Kansas universities asked to evaluate courses teaching Critical Race Theory
PITTSBURG, Kan. — In the wake of a year marked by calls for racial justice across the country, calls for the evaluation of the teaching of race in schools have become louder and louder.
On Thursday, freelance journalist David Perry posted to Twitter an email appearing to be between two members of Pittsburg State University’s faculty. The names in the email exchange were redacted.
The email reads, “Good evening, I have received an email this evening from Dr. Pomatto inquiring for the provost's office if Critical Race Theory is being taught in any PSU classes.”
The email goes on to ask the faculty to ask around their programs, identify any classes that teach CRT and report back to the sender.
While not made clear in the email, Twitter users, including Perry, quickly jumped on the request as an attempt to end the teaching of the theory in classes and a form of censorship.
“The incoherence of the purge makes it no less a purge,” Perry tweeted.
Critical Race Theory (CRT) has been a controversial practice for many years with many people both for the teaching of it and against it. In 2020, then-President Donald Trump issued an executive order banning the use of CRT in federal trainings.
While CRT experts acknowledge it is a complex, nuanced issue, the American Bar Association describes CRT as “a practice of interrogating the role of race and racism in society that emerged in the legal academy and spread to other fields of scholarship. It cannot be confined to a static and narrow definition.”
The organization also describes it as a practice that “critiques how the social construction of race and institutionalized racism perpetuate a racial caste system that relegates people of color to the bottom tiers. CRT also recognizes that race intersects with other identities, including sexuality, gender identity, and others.”

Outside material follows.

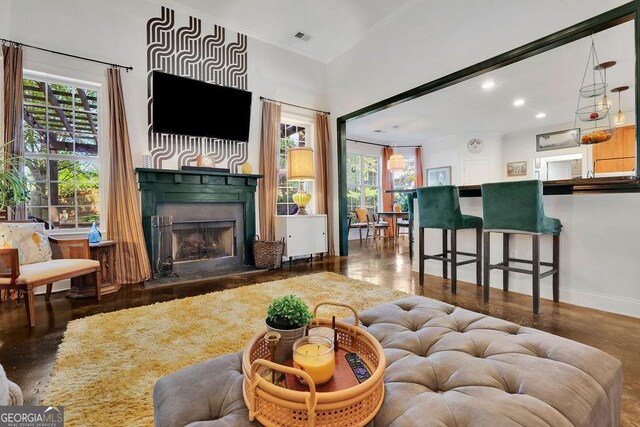 2295 Hemrick Rd, Cumming, GA 30041 - living room featuring a fireplace, healthy amount of natural light, recessed lighting, wood finished floors, and ornamental molding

In response to a request for comment, a PSU spokesperson said that to their knowledge the request did not originate from PSU officials, but rather was made by a Kansas legislator, and then passed to all six Kansas state universities via the Kansas Board of Regents, the governing body over higher education in Kansas.
The Board of Regents could not be reached by press time. This is a developing story and will be updated in the coming days.